I loved a couple of characters and their arcs. Being a plot-driven read, it certainly felt that a lot more could be done. Megha was successful at laying bare the shortcomings of a system that has failed its citizens with due justice while narrating the story in binary. I don’t care too much for that class division in language. It didn’t stick with me. But it could probably work for some readers who get attached to characters or may form an association with them through the toning of words.
If you’re unfamiliar with India and it’s political/societal workings, this could be a great entry point. I take issue with the Jhumpa Lahiri comparison. She writes deeply introspective, character-driven stories. Hence, I don’t get the “for fans of Jhumpa” reference. The characters are pretty flatter, but yes it’s a great attempt for a debut novel. Also, this is a book to introduce western audiences to the nitty-gritty of life in India and its socio-economic landscape, especially the power play. I think, being Indians we can identify the huge difference between Lahiri’s and Megha’s depth about all this. I wonder how it translates to Non-Asians though.
It definitely has created a mark looking at the outpour of praises from the international community including Margaret Atwood. There are several reasons I think this appealed so much to the international community. With a lot of common and prevalent themes, it has brought about a certain relatability to all readers. Megha has touched upon several relevant subjects that are still part of huge debates in Europe, the US, and India.

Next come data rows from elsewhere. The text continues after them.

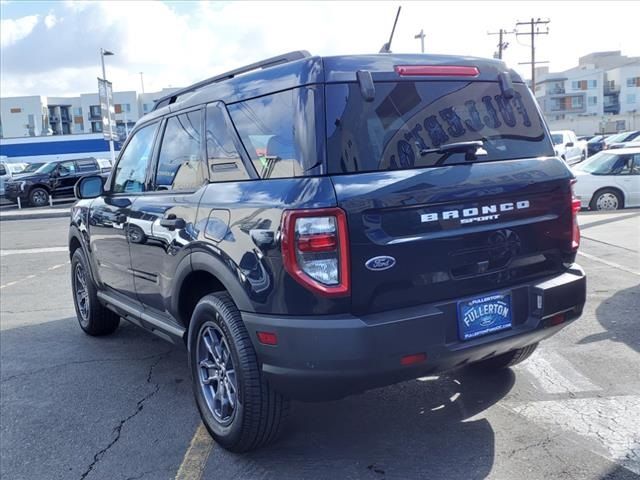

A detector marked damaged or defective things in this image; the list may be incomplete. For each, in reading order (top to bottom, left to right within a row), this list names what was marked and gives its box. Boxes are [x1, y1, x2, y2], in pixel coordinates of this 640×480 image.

crack in pavement [0, 350, 175, 384]
crack in pavement [79, 352, 171, 480]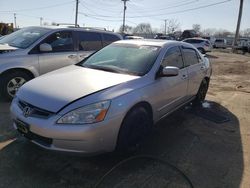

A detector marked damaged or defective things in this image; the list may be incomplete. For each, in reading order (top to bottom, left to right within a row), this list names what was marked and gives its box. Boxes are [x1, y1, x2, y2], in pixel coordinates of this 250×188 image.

cracked headlight [58, 100, 111, 124]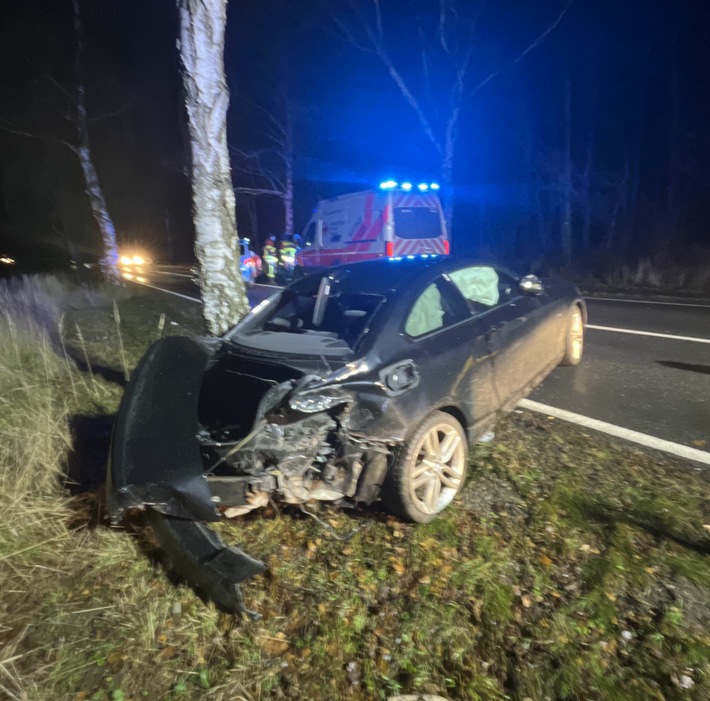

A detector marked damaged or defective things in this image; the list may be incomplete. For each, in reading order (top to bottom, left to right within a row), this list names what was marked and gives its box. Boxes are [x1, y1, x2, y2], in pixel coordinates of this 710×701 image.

detached bumper [108, 336, 268, 616]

Corrupt Government, Wrongful Incarceration, Working Class Communities, Injustice With Minorities, Income Disparities, Sinister Side of Social Media, Trans People & Their Rights
Perhaps similar to how I felt reading ‘There There’ by Tommy Orange. And so I support that comparison along with the one made with Yaa Gyasi. Well, one can argue there is some merit to it.
Lovely is Lovely
One character I definitely would like to highlight is Lovely – While Jivan is the central character of the book – a woman of strength faced with injustice in a nation swayed by Islamophobia, it’s Lovely’s character who stayed with me.

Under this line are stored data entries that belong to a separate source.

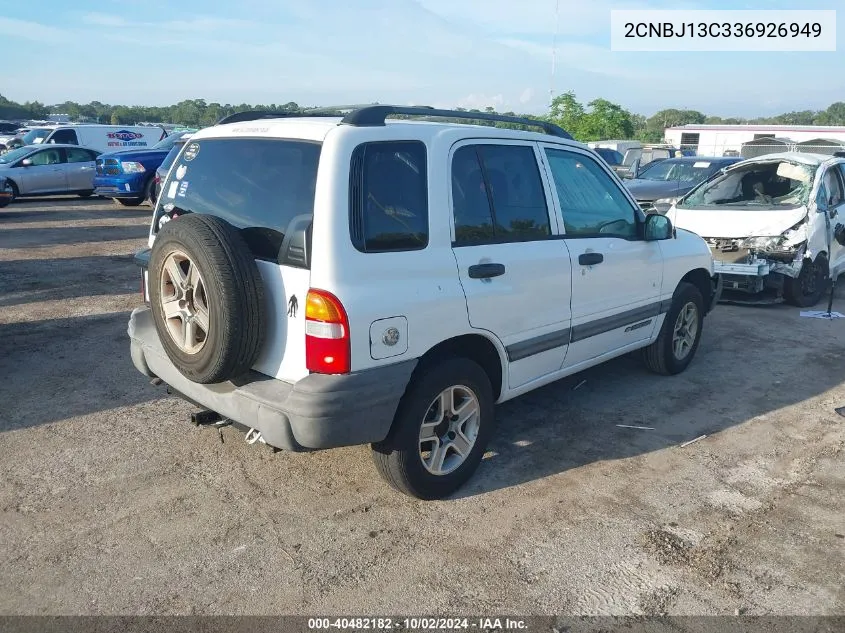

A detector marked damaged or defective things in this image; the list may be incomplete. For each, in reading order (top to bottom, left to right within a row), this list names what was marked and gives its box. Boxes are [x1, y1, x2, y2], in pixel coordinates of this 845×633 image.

damaged vehicle [664, 151, 844, 304]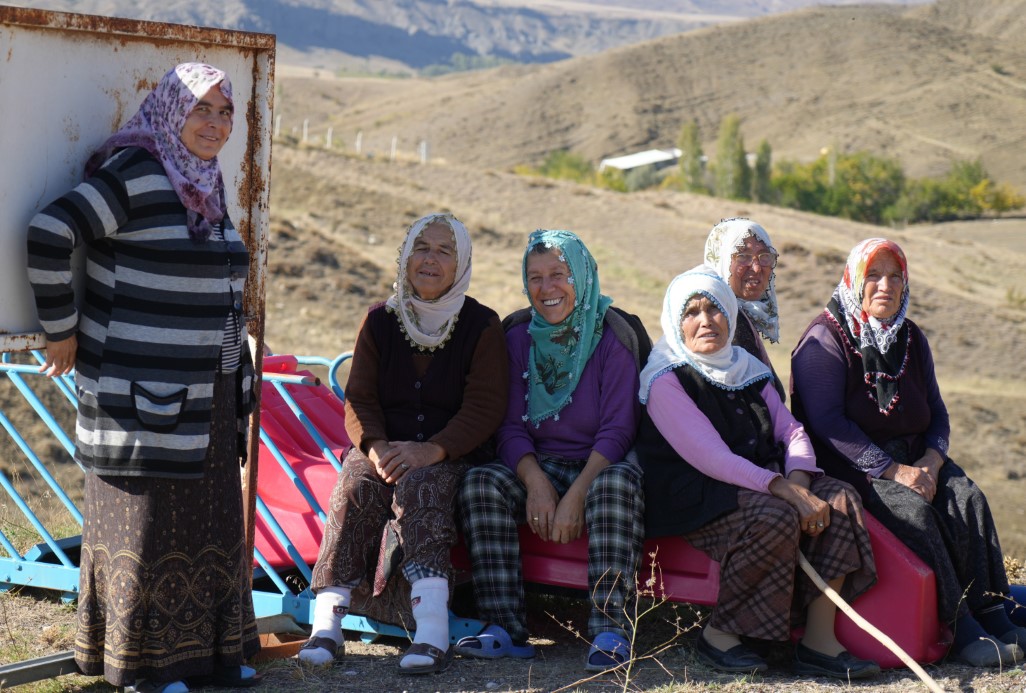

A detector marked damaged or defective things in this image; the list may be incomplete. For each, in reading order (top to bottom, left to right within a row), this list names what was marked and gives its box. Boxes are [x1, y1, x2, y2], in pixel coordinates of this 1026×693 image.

rusty metal panel [0, 8, 274, 356]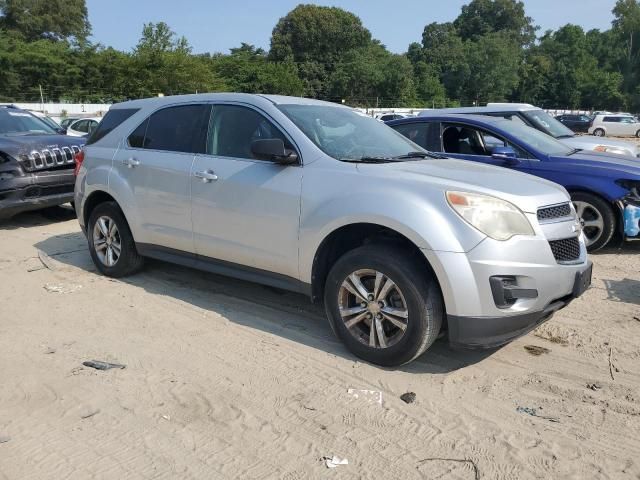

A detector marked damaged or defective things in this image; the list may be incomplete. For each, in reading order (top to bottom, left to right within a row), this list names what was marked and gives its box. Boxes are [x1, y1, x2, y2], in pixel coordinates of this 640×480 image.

damaged car [0, 106, 84, 220]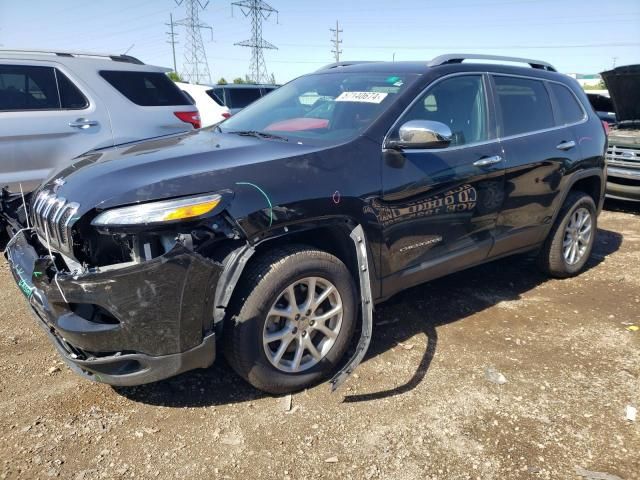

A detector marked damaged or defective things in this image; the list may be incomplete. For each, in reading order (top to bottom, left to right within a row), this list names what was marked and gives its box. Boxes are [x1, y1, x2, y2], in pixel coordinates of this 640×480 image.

crumpled hood [38, 128, 322, 217]
damaged jeep cherokee [3, 56, 604, 394]
broken plastic trim [330, 223, 376, 392]
crumpled hood [600, 63, 640, 124]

“Nothing is simple for a person like me, not even one hour on the train. My chest is a man’s chest, and my breasts are made of rags. So what? Find me another woman in the whole city as truly woman as me.”
A hijra in India lives and dies a life of prejudice, poverty, and judgment. They can never move past that identity and be respected as an individual with dreams. And Lovely is set out to change that. Her charm, innocence, and bravery are highly endearing. She is ambitious and loving and even when she falls, she gets back up and shrugs off layers of societal prejudice to start working on her dream of becoming an actress again.
“I have been performing all my life,” I was saying to him. I was performing on trains, on roads. I was performing happiness and cheer. I was performing divine connection. “Now,” I was telling him, “just let me practice for the camera.”
All in all, I rate this debut a 3.5/5 ⭐ and recommend you giving this book a read. This book is an indictment of how the masses often sway the individual in directions they might not otherwise go. Megha has taken major risks with a multi-perspective, voice-driven novel whose politics often occur in the background. Taking in the current socio-political state of modern India, as well as universal questions of morality and integrity, Megha proves that you don’t need a huge cast of characters or a lengthy page-count to tell a BIG story.
“Know that I will return to you. I will be a flutter in the leaves above where you sit, cooking ruti on the stove. I will be the stray cloud which shields you from the days of sun. I will be the thunder that wakes you before rain floods the room. When you walk to the market, I will return to you as footprint on the soil. At night, when you close your eyes, I will appear as impress on the bed.”